Supporting QueryAnalyzers

Coordinator
Oct 26, 2007 at 10:06 PM
The DocumentAttribute class provides information specific to creating an index from the class. The biggest current downfall of this attribute is that it currently only supports the StandardAnalayer class. Since we can not pass anything but contants, enums or types to an attribute, I currently am not sure of the best way for a class to specify the appropriate analyzer. I'm also not sure that the analyzer can even be inferred as globally as the class level, so some thoughts here are welcome.
Coordinator
Nov 7, 2007 at 5:55 PM
What's wrong with specifying a AnalyzerType in DocAttr? Document(typeof(MyAnalyzer)

If the chosen Analyzer (like StandardAnalyzer) requires construction args (like stopwords for StandAnalzyer) you could encourage the derivation of new concrete parameterless constructor analyzer types.

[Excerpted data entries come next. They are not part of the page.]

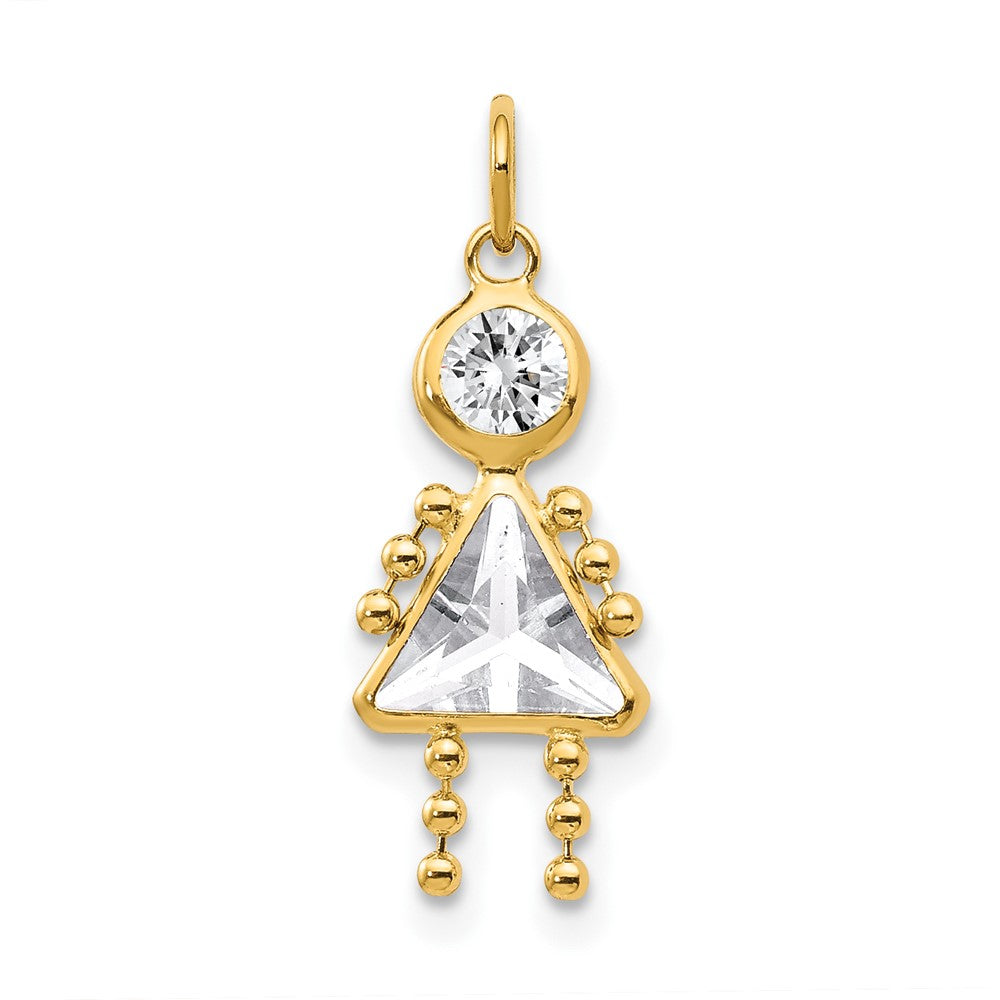 10K Yellow Gold April Girl Birthstone Charm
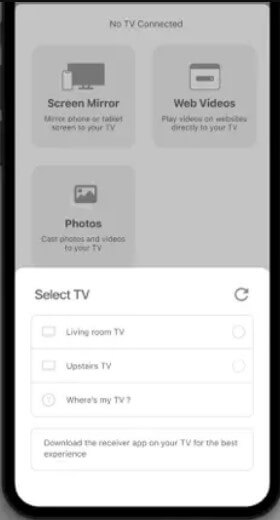 Connecting to Android TV using app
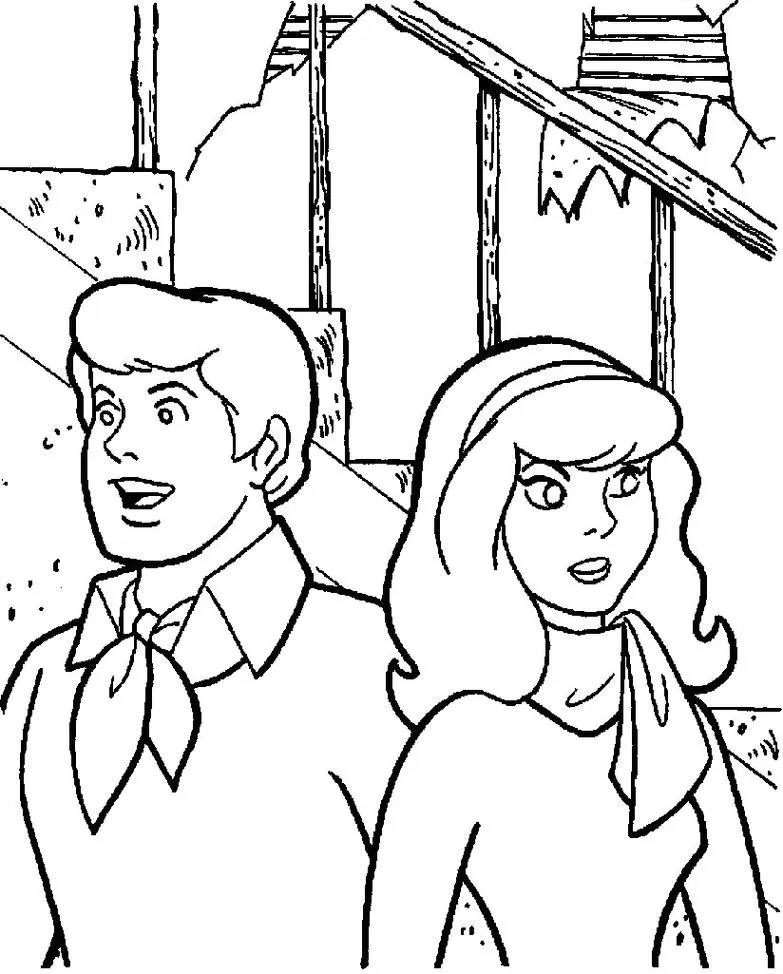 Desenho para colorir de Fred e Dafne do Scooby Doo em frente a ruínas.
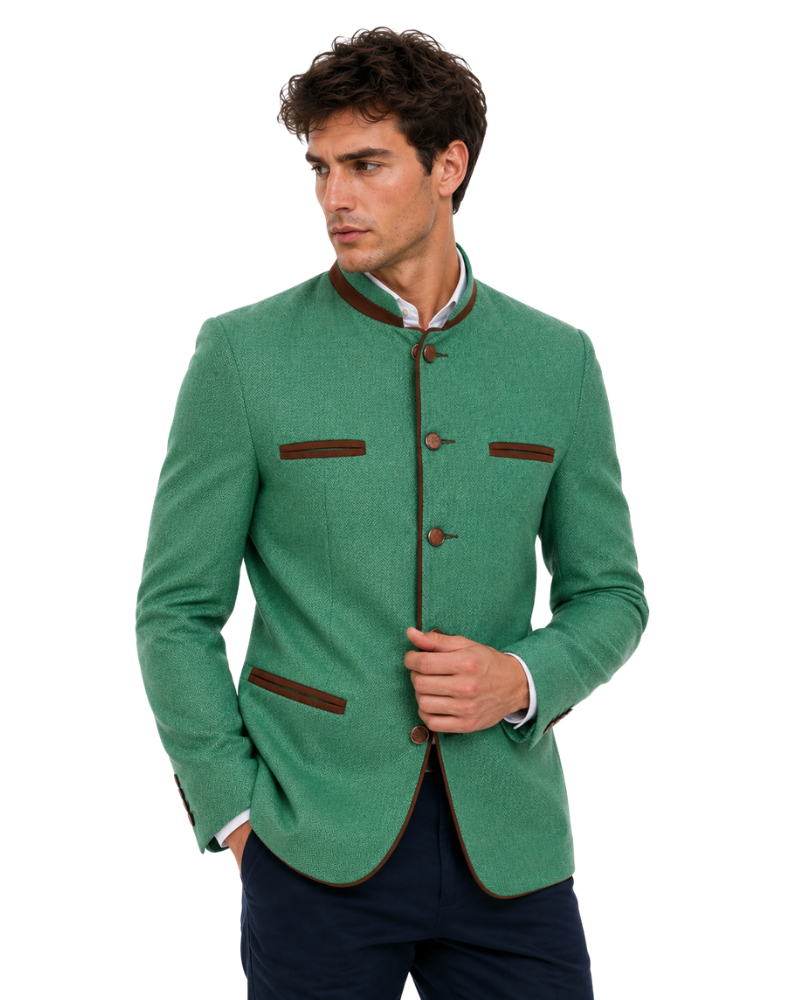 Man wearing a green jacket with brown accents on a white background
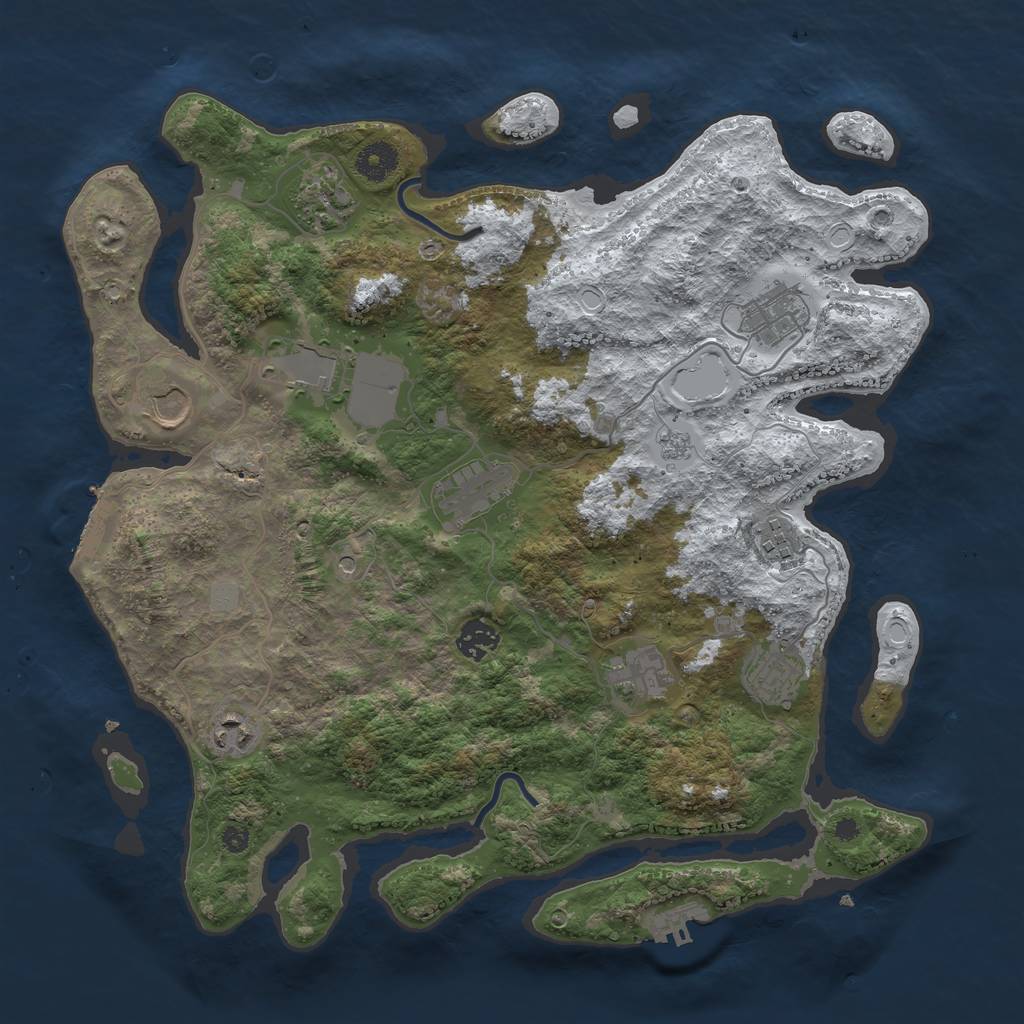 Rust Map: Procedural Map, Size: 3800, Seed: 44219951, 19 Monuments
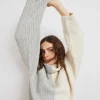 Gina Tricot Fia Knitted Sweater W White/grey magasin paris 8
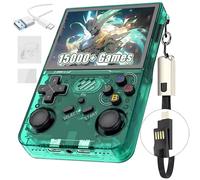 R36XX Retro Handheld Game Console 64G,Built-in 15000+ Games,12 Emulators,3000mAh,Retro Video Game Console with 3.5 Inch IPS OCA HD Screen,640*480P,Open Source Linux System,Dual 3D joystick (Green)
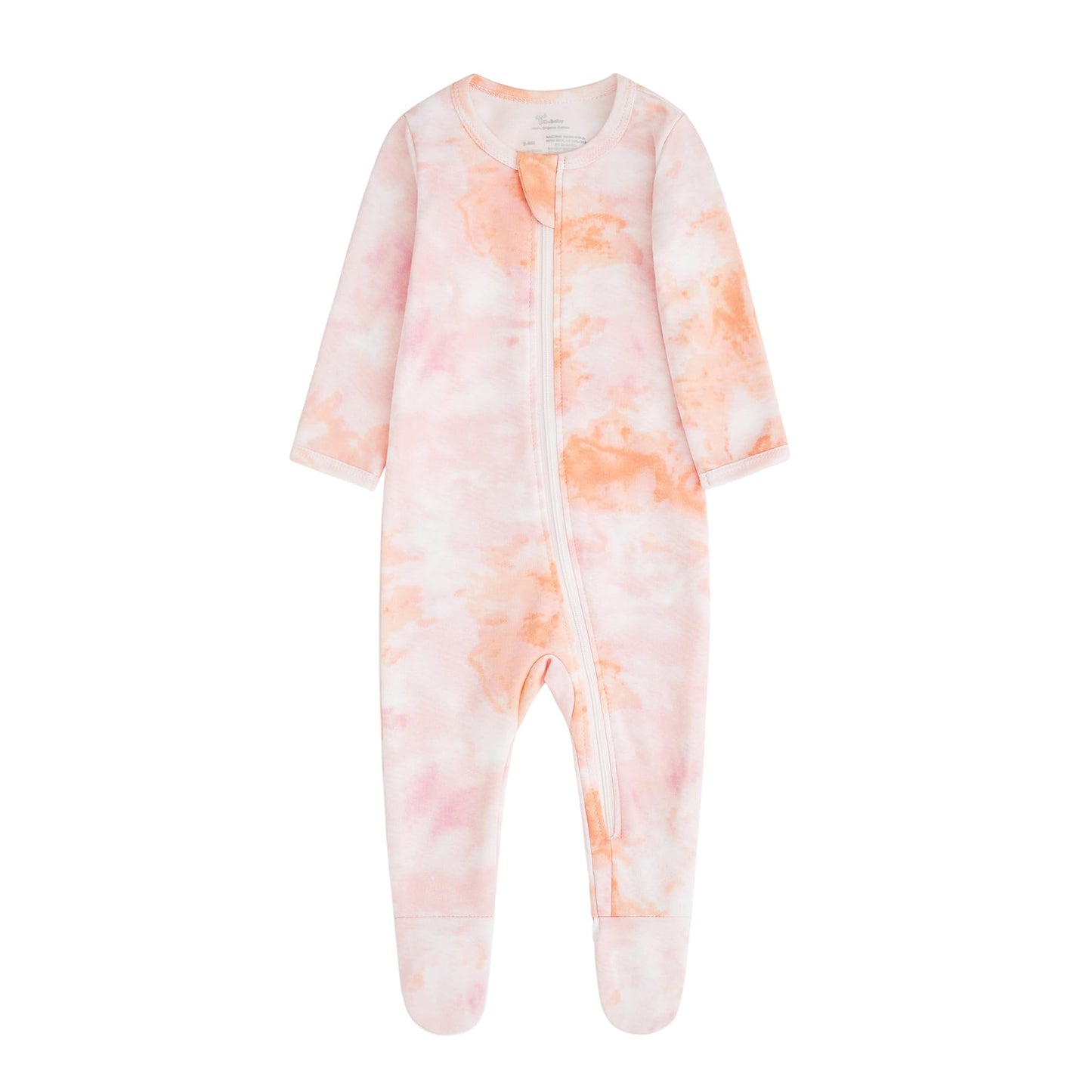 O2 Baby Baby Boys Girls Organic Cotton Zip-Front Sleeper Pajamas, Footed Sleep  'N Play(6-12 Months, Pink)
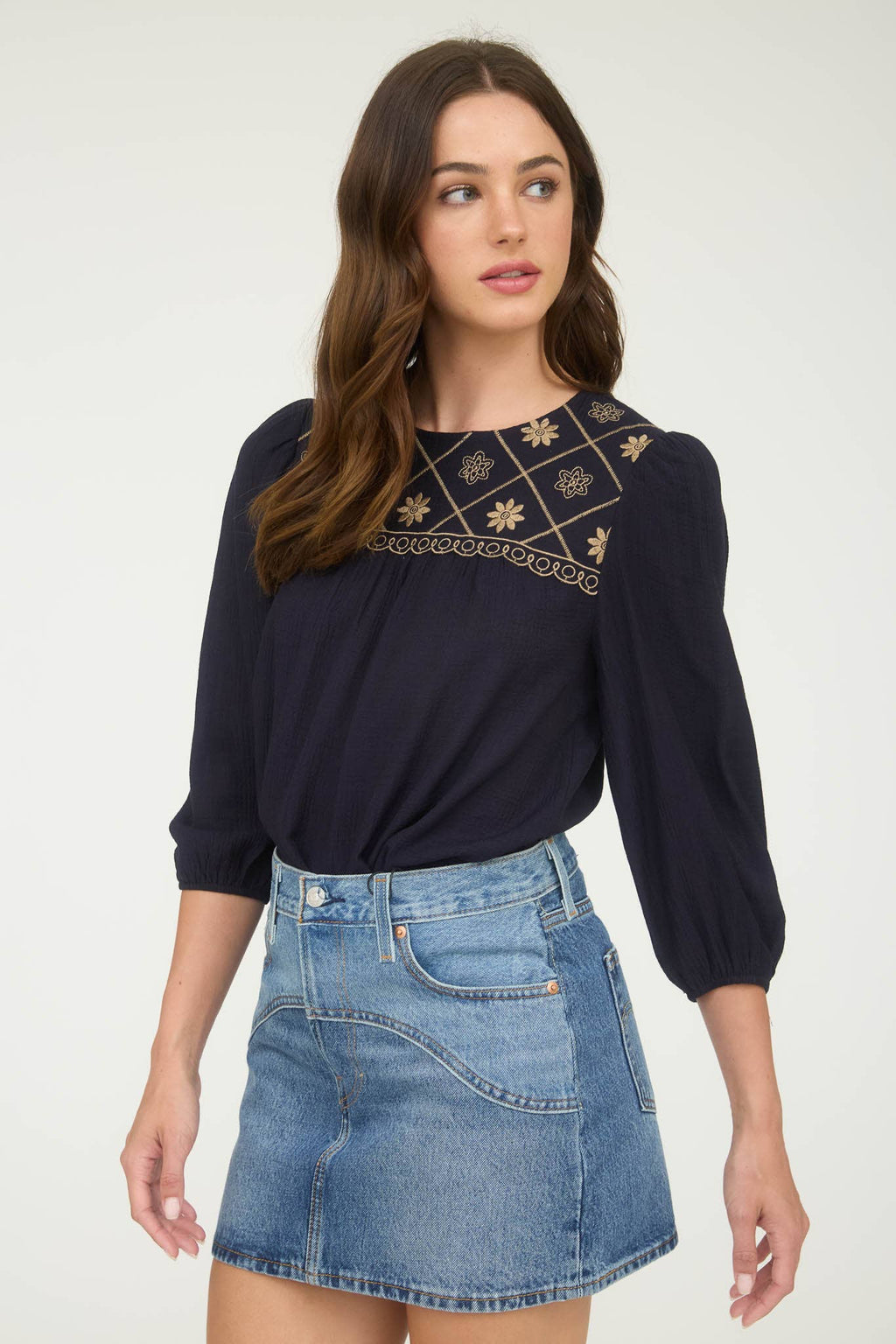 Floral Embroidered Yoke 3/4 Sleeve Blouse -medium remains - Rooted & Reckless Co.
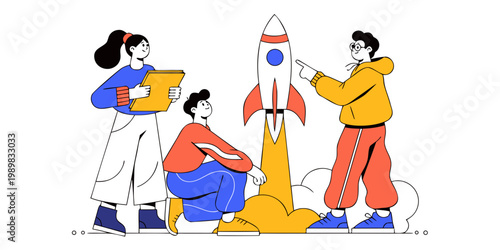 Business team collaborating on rocket ship startup project launch with teamwork business collaboration planning strategy innovation development communication management corporate cooperation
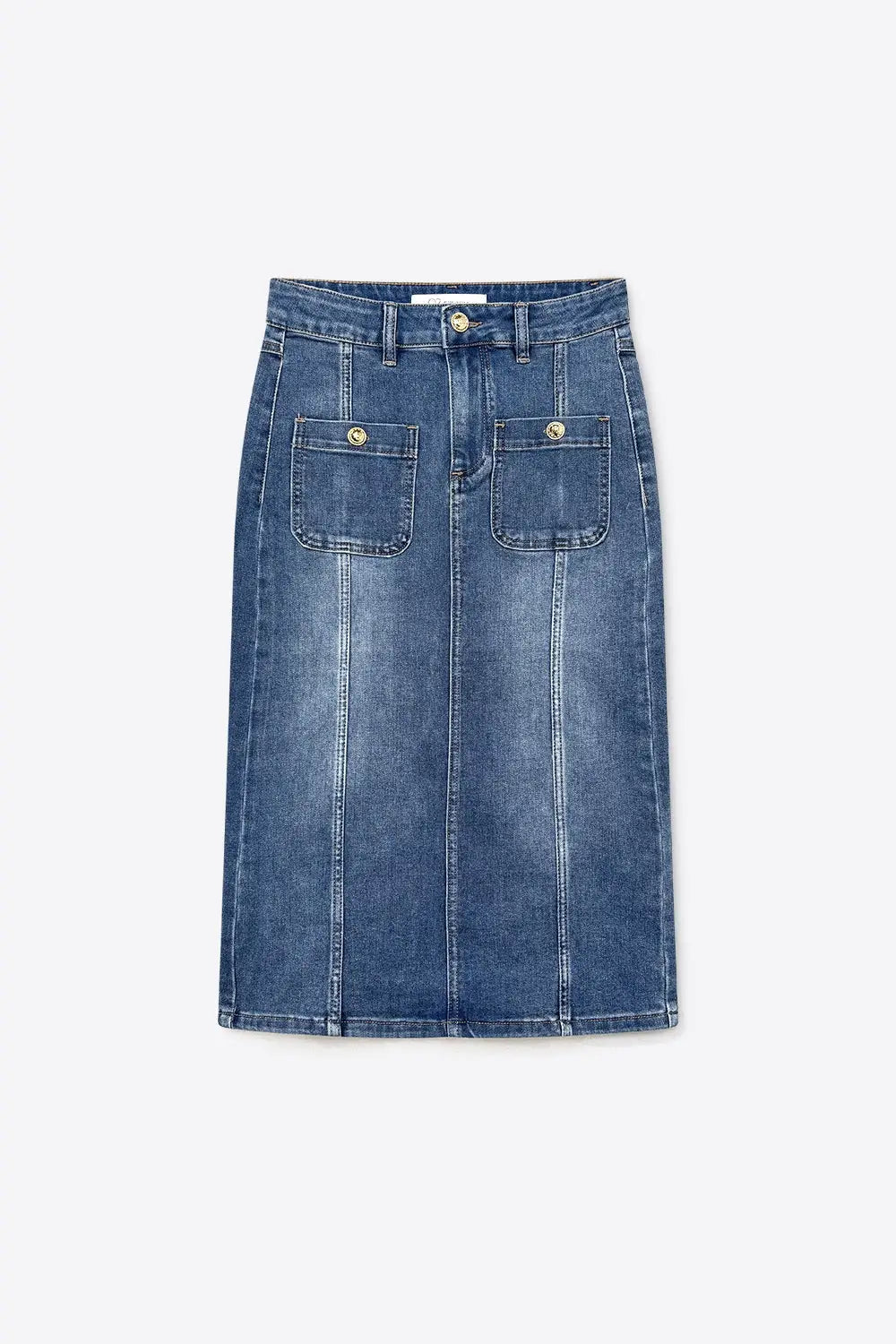 Mid Wash Denim Midi Skirt with Front Patch Pockets - Skirts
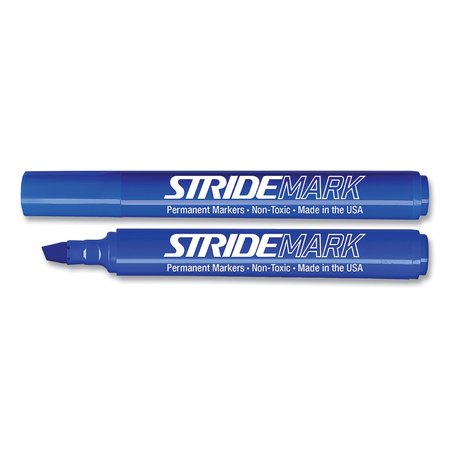 Stride StrideMark Tank Permanent Marker, Broad Chisel Tip, Blue, 12PK 22002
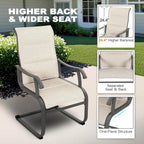 NUU GARDEN Patio Dining Chairs Set of 2, High-Back Outdoor Chairs with Breathable Textilene, All-Weather Metal Frame for Garden, Deck, Backyard and Porch, Grayish Beige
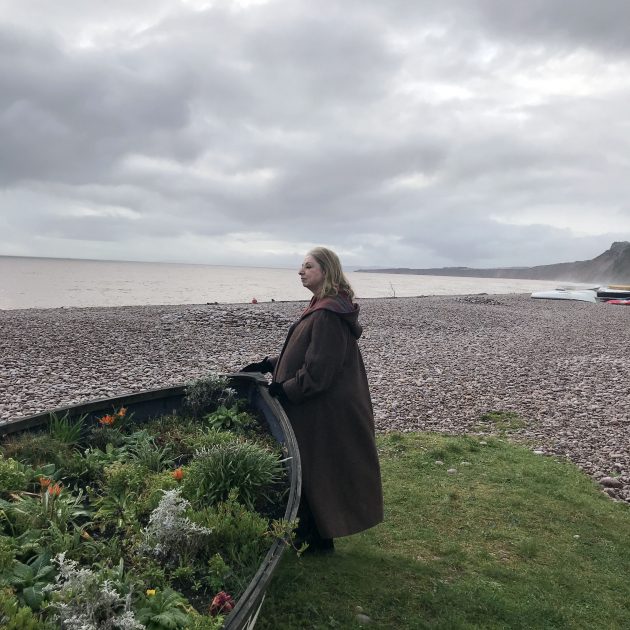 Hilary Mantel on Budleigh Salterton beach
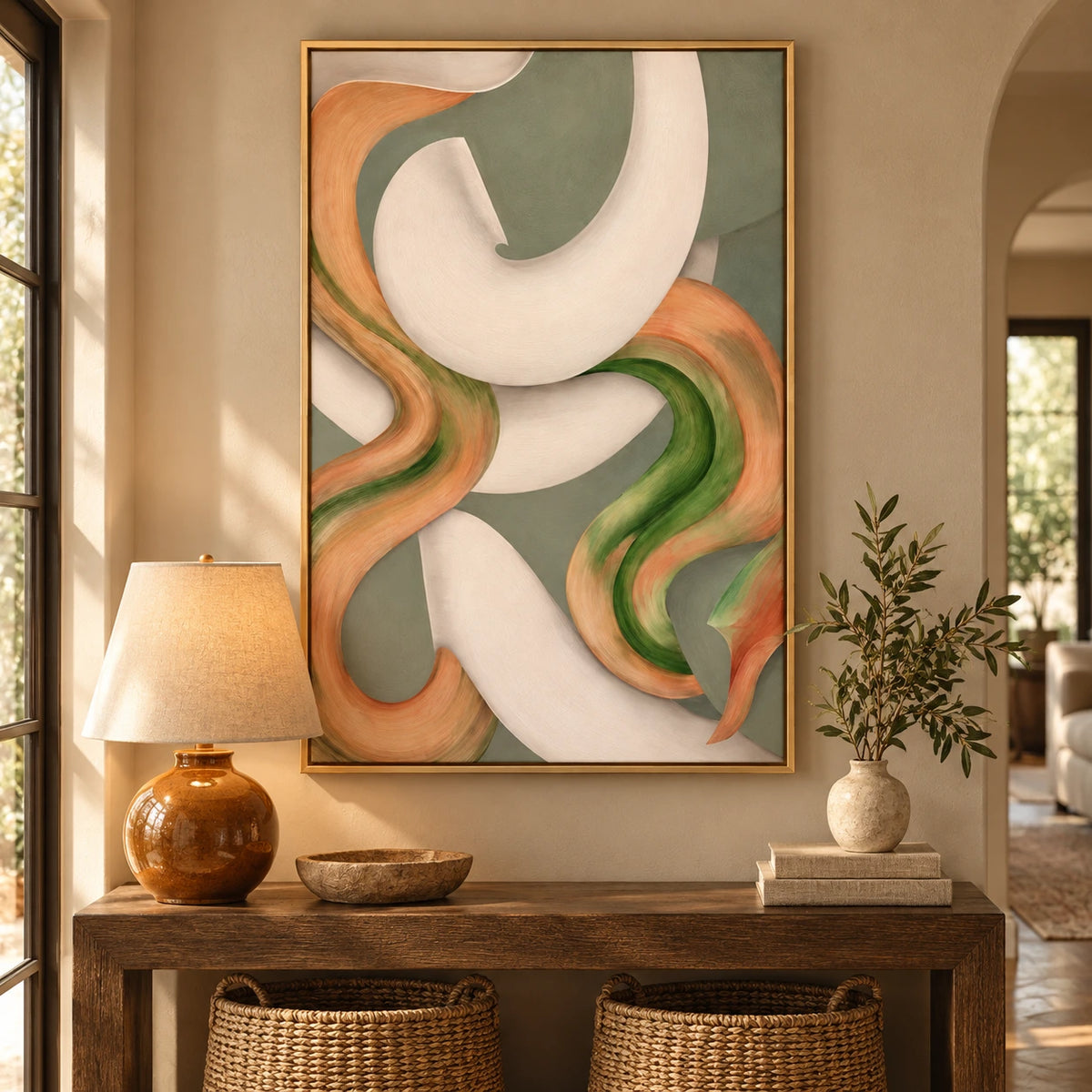 Sage Green Peach and Ivory Abstract Oil Painting | Flowing Organic Curves Modern Vertical Wall Art #OA 1638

This is an acceptable solution in my opinion, because one rarely wants to rely on the default analyzer to tokenize strings for ALL fields. Lucene users typically use the PerFieldAnalyzerWrapper. You could provide a BasePerFieldAnalyzer that extended PerFieldAnalyzerWrapper with protected dictionary for specifying fields and their specific analyzers.


Locksley wrote:
The DocumentAttribute class provides information specific to creating an index from the class. The biggest current downfall of this attribute is that it currently only supports the StandardAnalayer class. Since we can not pass anything but contants, enums or types to an attribute, I currently am not sure of the best way for a class to specify the appropriate analyzer. I'm also not sure that the analyzer can even be inferred as globally as the class level, so some thoughts here are welcome.


Coordinator
Nov 7, 2007 at 8:26 PM
I like that suggestion, because it does provide support for each field to determine its own analyzer, while setting the default analyzer at a more global level. This implies that the type of anlyzer used per-field would be made as a part of the FieldAttribute. Perhaps the best way to do all of this would be to create Analazyer-Attributes that could be decorated onto the class or the property, where each analyzers property could be set:
[StandardAnalyzer(...)]
[Document]
[Table]
public class City
{
  [Column(...)]
  [StopAnalyzer(...)]
  [Field(...)]
  [TypeConverter(...)]
  public int Longitude { get; set; }
}

Just a thought. (is that too much decorating?)